▶ _Description of the task_: Exclude the images, then return every line below exactly as written.

======== Exercise material ========

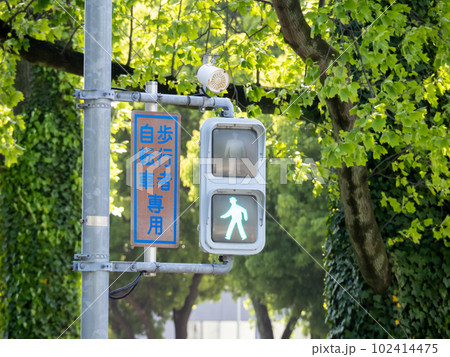 信号機(自転車歩行者専用)。 102414475
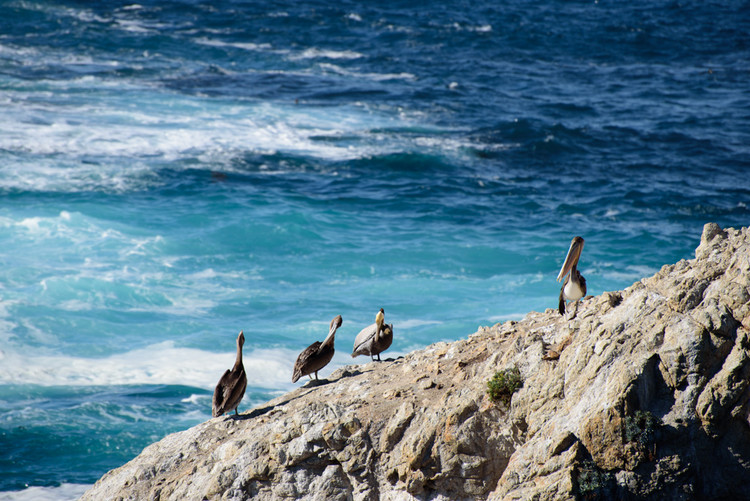 Birds at Point Lobos Bird Island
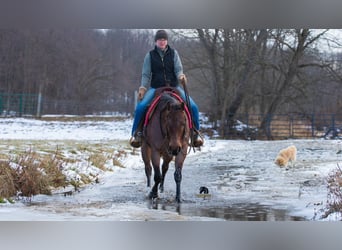 American Quarter Horse, Stute, 4 Jahre, 145 cm, Roan-Bay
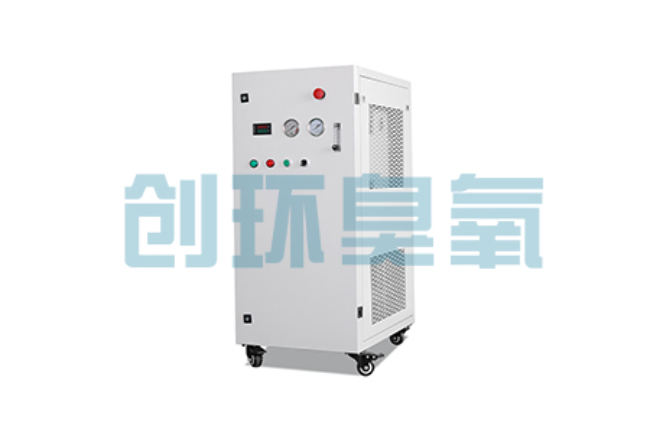 鄂州比传统换水更高效?臭氧发生器在石斑鱼养殖中的水质净化原理解析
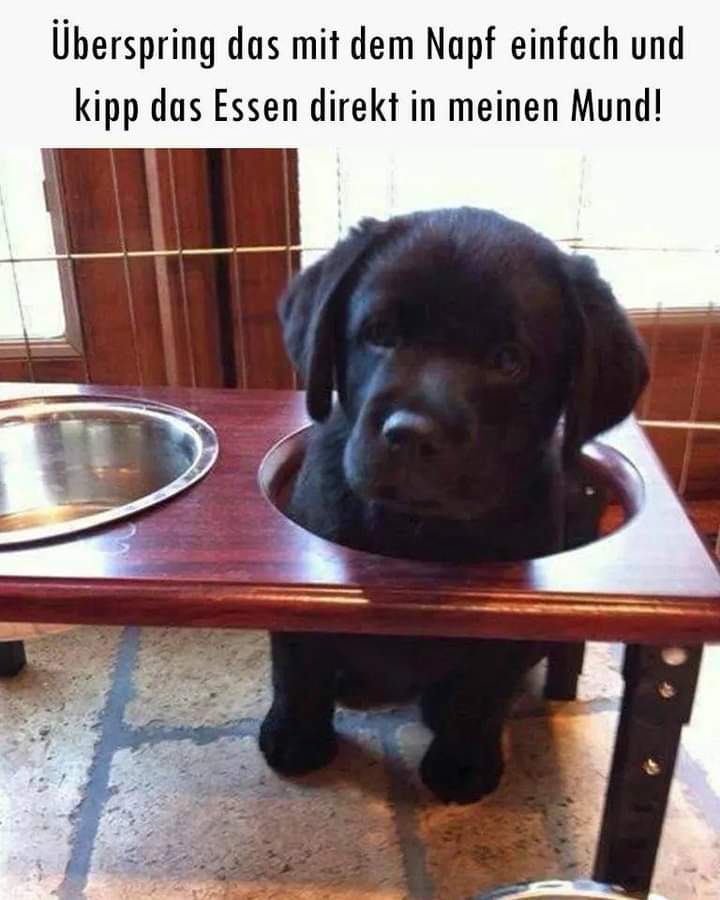 der Mund - usta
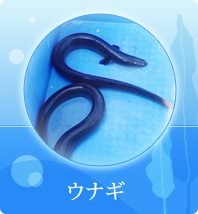 EiM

========

▶ _Response area_:
 信号機(自転車歩行者専用)。 102414475
 Birds at Point Lobos Bird Island
 American Quarter Horse, Stute, 4 Jahre, 145 cm, Roan-Bay
 鄂州比传统换水更高效?臭氧发生器在石斑鱼养殖中的水质净化原理解析
 der Mund - usta
 EiM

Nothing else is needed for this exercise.